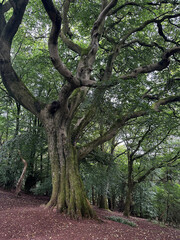 Fototapeta premium Ancient oak tree in forest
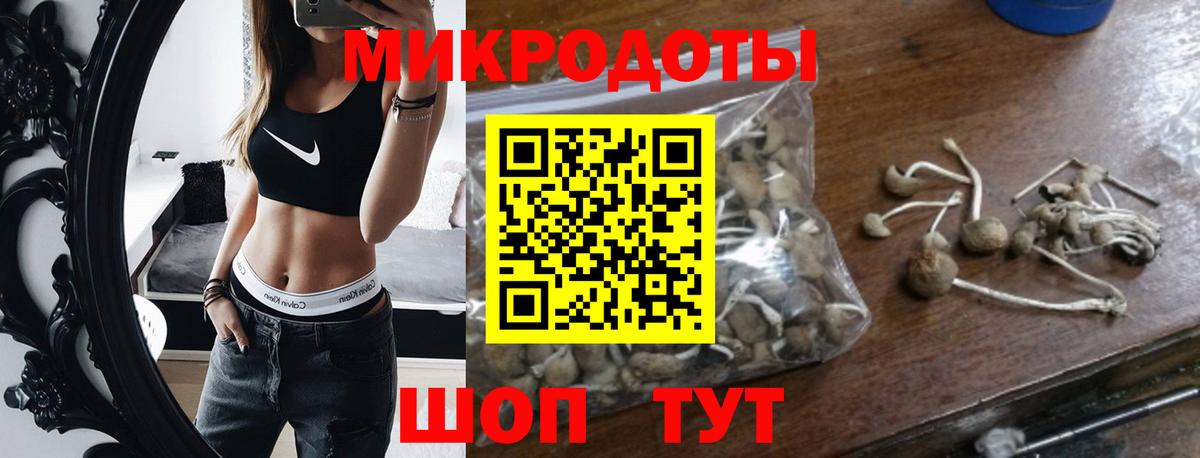 Бор  Галлюциногенные грибы Psilocybe  купить закладку  Вход с VPN 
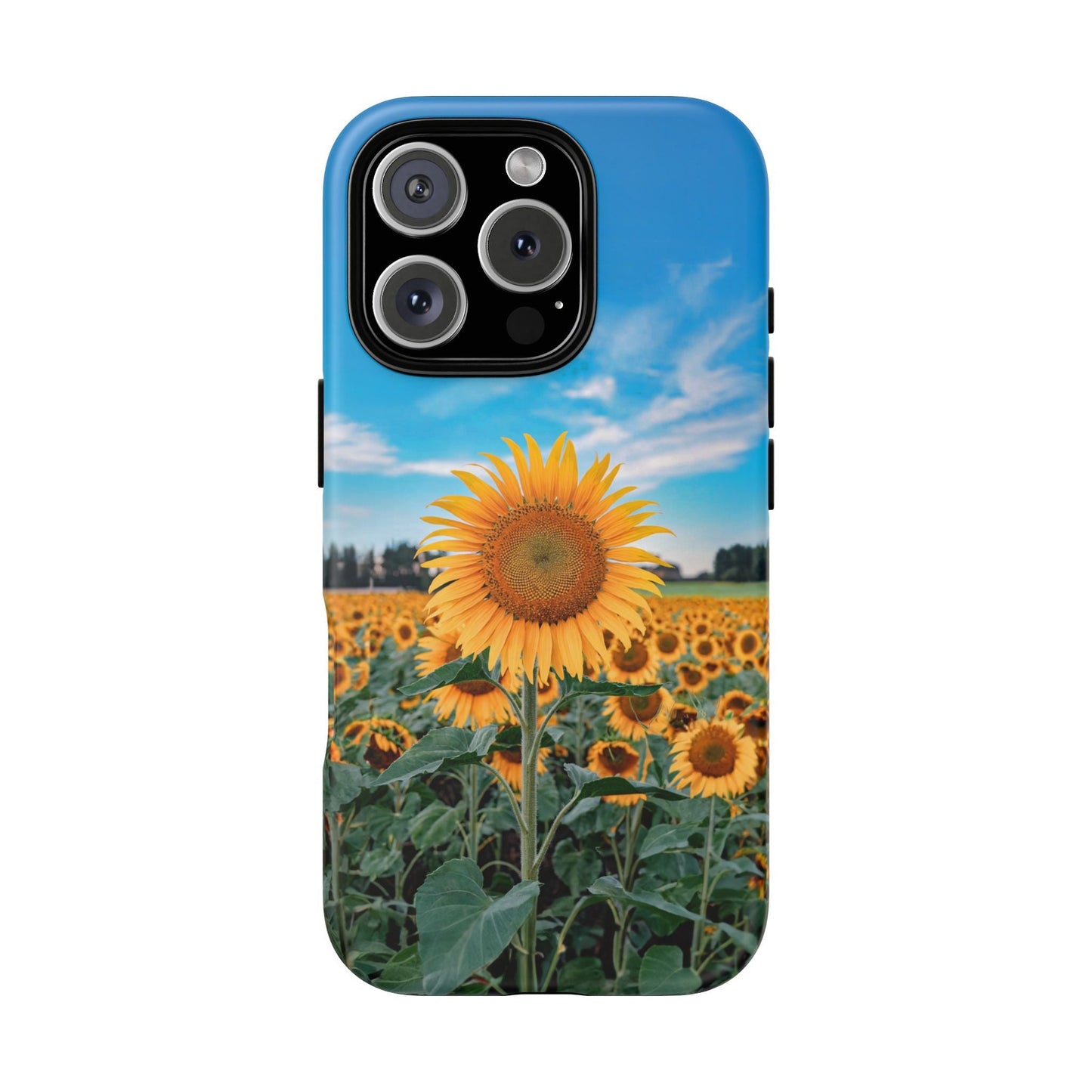 iphone case Sunflower in Full Bloom iPhone 16 Pro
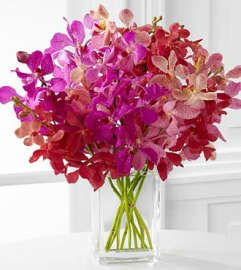 Pink Mokara Orchids. An arrangement by Brickell Exclusive Blooms.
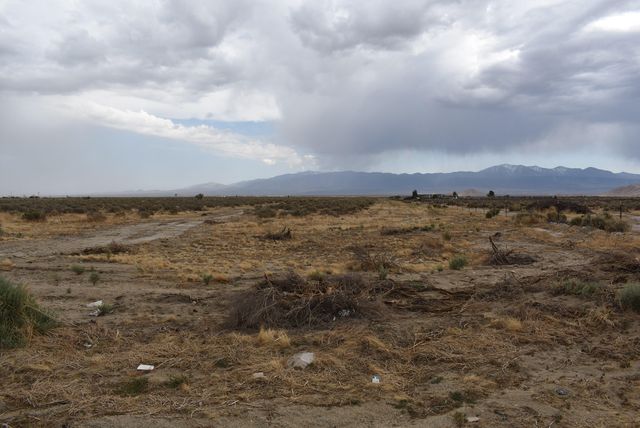 24500 E Avenue P, Palmdale, CA 93591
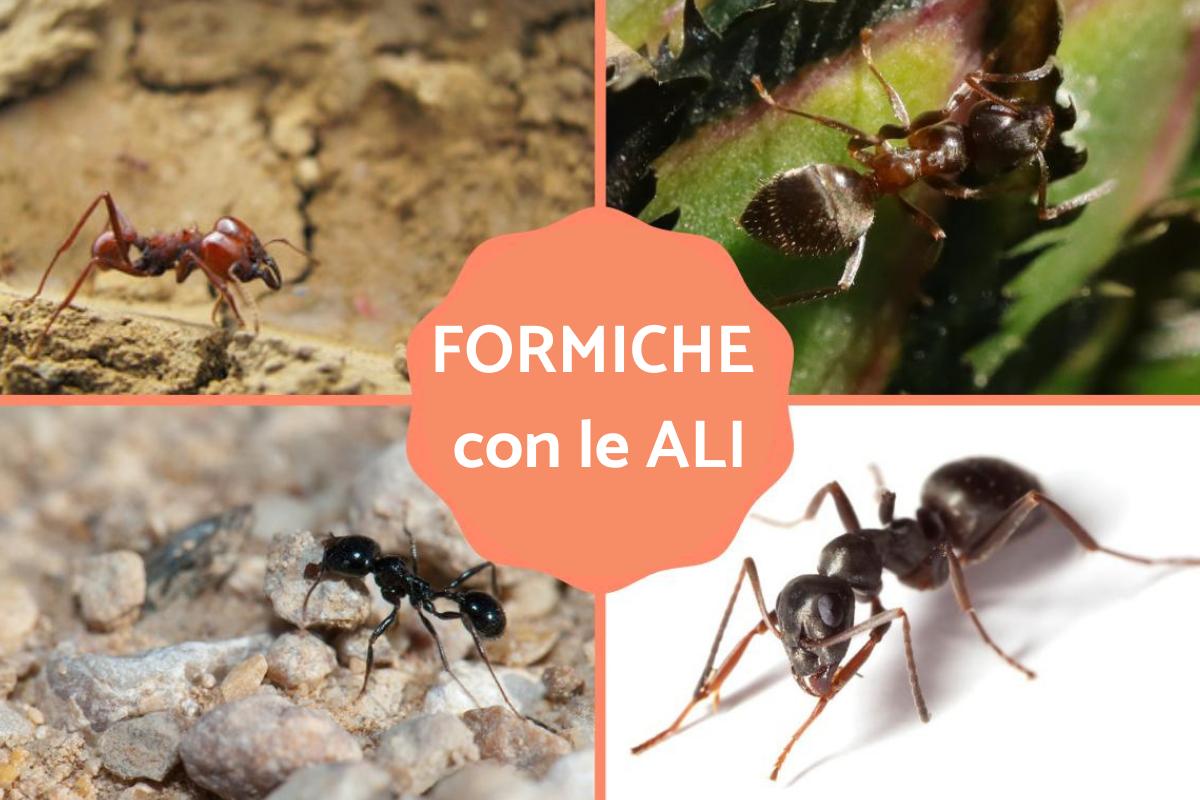 Formiche con le ali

———

Exercise aim →
Reproduce exactly, and only, the lines from the opening line of the listing above through the line holding "Pink Mokara Orchids.", minus the pictures.

Solution to this task →
 Fototapeta premium Ancient oak tree in forest
 Бор  Галлюциногенные грибы Psilocybe  купить закладку  Вход с VPN 
 iphone case Sunflower in Full Bloom iPhone 16 Pro
 Pink Mokara Orchids. An arrangement by Brickell Exclusive Blooms.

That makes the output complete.